The film itself has been compared favourably to the 2002 Oscar-nominated About Schmidt, another movie about a senior gentleman taking to the open road. Just as Jack Nicholson dressed down to play Schmidt, De Niro rearranges his typical tough guy persona to play someone a little more real, a little more worn around the edges. De Niro’s Frank is a retired blue-collar worker that spent a lifetime installing the insulation on telephone wire. It was a simple life for a simple man that wanted nothing more than to do right by his wife and kids. But now his wife is gone and all the kids have moved away. Getting them to even call their father is a job in and of itself.
After Frank attempts to get all his kids around the same table for a family gathering only to have them all cancel at the last minute, he decides to take matters into his own hands and go to visit them. It doesn’t take Frank long to realize that not all is right with his children’s lives. His son David (Austin Lysy) isn’t at home at his New York City apartment and he can’t be reached by phone. There seems to be some odd tension in the Chicago home of his daughter Amy (Kate Beckinsale). His son Robert (Sam Rockwell) in Denver is ashamed that he’s not more successful and fears what his father thinks. And Rosie (Drew Barrymore), though seemingly happy to see her father, is definitely keeping something to herself.
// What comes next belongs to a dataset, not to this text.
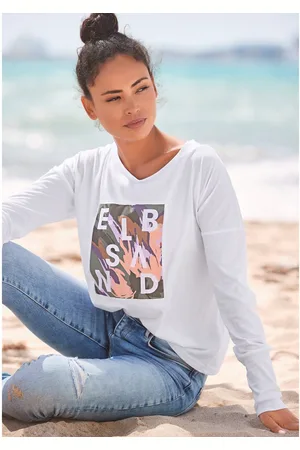 ELBSAND Shirt met lange mouwen Inea met print aan de voorkant, lange mouwen, losse pasvorm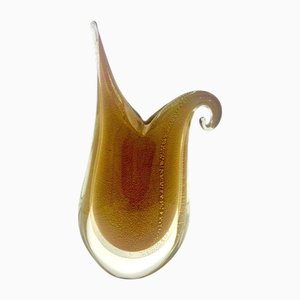 Gold Incrustation Sommerso Murano Glass Vase attributed to Flavio Poli for Seguso Vetri d'Arte, Italy, 1970s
This is where the advertising really leads you astray because Frank’s grown children have some serious issues. Frank himself is also far from the curmudgeonly stick in the mud that’s implied, as if De Niro’s merely playing a grumpy old man that’s humbugging it cross country. Because of this slight though, I did find Everybody’s Fine to be a pleasant surprise. De Niro’s quiet suffering is sad and understandable, but there is implied the notion that he has himself partially to blame for pushing his kids so darn hard. It was also refreshing to see De Niro play someone that was neither a tough guy nor a wise guy, someone simpler and more grounded. There’s a reason this man is called the best actor of his generation, and he proves it here despite the lacklustre script.
Indeed, there are a number of elements in Everybody’s Fine that will be irksome to the discerning movie viewer. The plight of David is rather telegraphed in advanced as the script thinks its playing coy with the character’s eventual fate. It was also somewhat difficult for me to wrap my head around the idea that these kids were so far out of touch with their father that he didn’t know that one was lying about their job, another their family situation and the third one an unknown child and questioned sexuality. The device that director Kirk Jones uses to air out all this dirty laundry is interesting, but it does rob many of the actors of giving their characters any key moment of epiphany. The result is that the movie feels kind of static and carries more the appearance of a difficult family drama then mining any deep emotion from the story. The potential was there, far more than the marketers give the film credit for, but Everybody’s Fine is just okay.